### Data for this task

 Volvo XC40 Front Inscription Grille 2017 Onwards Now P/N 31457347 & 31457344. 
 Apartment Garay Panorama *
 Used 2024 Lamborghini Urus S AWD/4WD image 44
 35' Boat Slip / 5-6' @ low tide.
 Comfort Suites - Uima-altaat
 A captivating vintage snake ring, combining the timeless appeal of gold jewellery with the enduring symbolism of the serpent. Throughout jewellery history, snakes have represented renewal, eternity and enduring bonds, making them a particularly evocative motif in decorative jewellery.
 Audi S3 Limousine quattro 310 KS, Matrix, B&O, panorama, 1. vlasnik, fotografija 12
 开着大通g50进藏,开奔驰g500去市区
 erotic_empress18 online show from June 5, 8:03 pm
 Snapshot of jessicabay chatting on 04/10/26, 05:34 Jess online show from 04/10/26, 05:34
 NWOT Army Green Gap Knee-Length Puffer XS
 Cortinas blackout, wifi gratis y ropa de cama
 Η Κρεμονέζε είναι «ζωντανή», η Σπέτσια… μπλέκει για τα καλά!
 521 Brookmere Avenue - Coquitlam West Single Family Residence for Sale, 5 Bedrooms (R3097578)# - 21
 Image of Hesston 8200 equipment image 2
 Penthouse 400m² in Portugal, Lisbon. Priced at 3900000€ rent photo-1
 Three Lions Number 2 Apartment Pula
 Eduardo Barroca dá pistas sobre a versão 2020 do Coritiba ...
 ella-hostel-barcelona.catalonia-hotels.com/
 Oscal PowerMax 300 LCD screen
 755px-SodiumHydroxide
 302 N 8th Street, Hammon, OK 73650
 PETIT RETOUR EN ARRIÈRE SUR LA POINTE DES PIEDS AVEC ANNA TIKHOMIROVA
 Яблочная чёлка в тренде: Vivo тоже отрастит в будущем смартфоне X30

### Task prompt
Please print, exactly and with nothing else, the lines from the first line of the entries through the line containing "A captivating vintage".

### Response to this task
 Volvo XC40 Front Inscription Grille 2017 Onwards Now P/N 31457347 & 31457344. 
 Apartment Garay Panorama *
 Used 2024 Lamborghini Urus S AWD/4WD image 44
 35' Boat Slip / 5-6' @ low tide.
 Comfort Suites - Uima-altaat
 A captivating vintage snake ring, combining the timeless appeal of gold jewellery with the enduring symbolism of the serpent. Throughout jewellery history, snakes have represented renewal, eternity and enduring bonds, making them a particularly evocative motif in decorative jewellery.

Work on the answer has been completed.